Regarding #2, we cannot solve many MUST BE TRUE questions using number plugging. Example: if-x-x-x-which-of-the-following-must-be-true-about-x-68886.html In this one, substitution will not work. (try x=0.5 ). One has to solve inequalities to find the roots.

I could be wrong.

Thoughts?

thanks

You wrote:
"the main objective in this question is to evaluate whether the inequality MUST BE TRUE."

Meaning of the word whether:

whether
Conjunction:
Expressing a doubt or choice between alternatives: "he seemed undecided whether to go or stay".
Expressing an inquiry or investigation (often used in indirect questions): "I'll see whether she's at home".

Look at the following question:
"If $$a,\,b$$ and $$c$$ are non-zero integers, must $$a - b$$ be greater than $$c^2$$?" What would be your approach?
You don't need to square here anything.
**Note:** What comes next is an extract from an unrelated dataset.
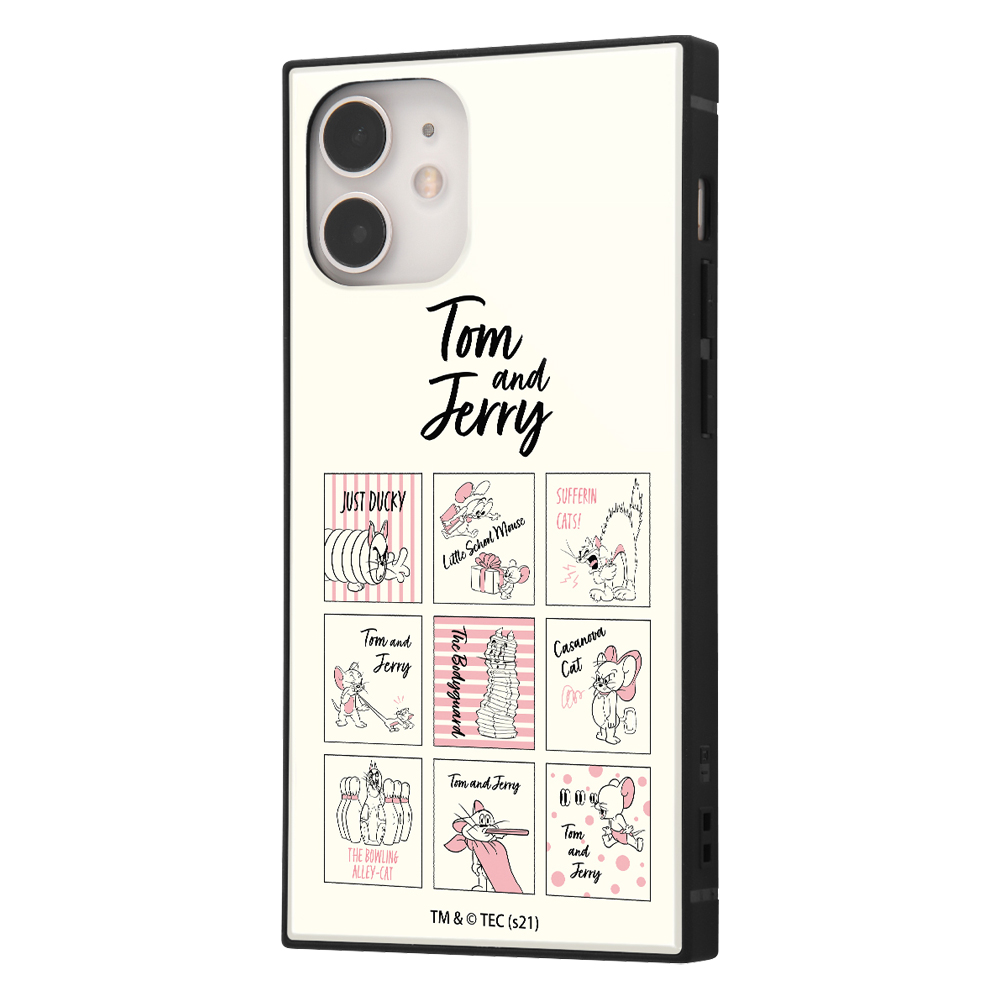 イングレム IQ-WP26K3TB/TJ7 iPhone 12 mini（5.4インチ）用 『トムとジェリー』 耐衝撃ハイブリッドケース KAKU（ファニーアート）[IQWP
So, what's your reasoning? Or what should be your reasoning?
You could say that $$c^2$$ is always positive, then $$a-b$$ must be positive, but this can be true or not.
Therefore, the answer should be NO, $$a-b$$ must not necessarily be greater than $$c^2$$.
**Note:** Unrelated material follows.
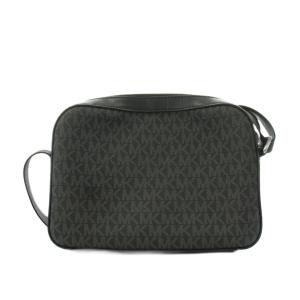 MICHAEL KORS ショルダーバッグ MKロゴ 総柄 レザー PVC 黒 ブラック /AN45 GY18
So why cannot you apply the above reasoning when instead of $$a-b$$ you have $$\sqrt{x}-\sqrt{y}$$?
The first stage is the same, you conclude that $$\sqrt{x}-\sqrt{y}$$ must be positive. But this is not granted!!!
Why do you continue?

Try to apply your squaring approach to this:
For $$x$$ and $$y$$ positive, must $$x-y$$ be greater than $$\sqrt{x}+\sqrt{y}$$?
By the way, a math question (not on the GMAT), would never been formulated in this way - MUST BE...
It would simply read "Is $$x-y>\sqrt{x}+\sqrt{y}$$ for all positive $$x$$ and $$y$$?"
Would this wording of the question change your approach?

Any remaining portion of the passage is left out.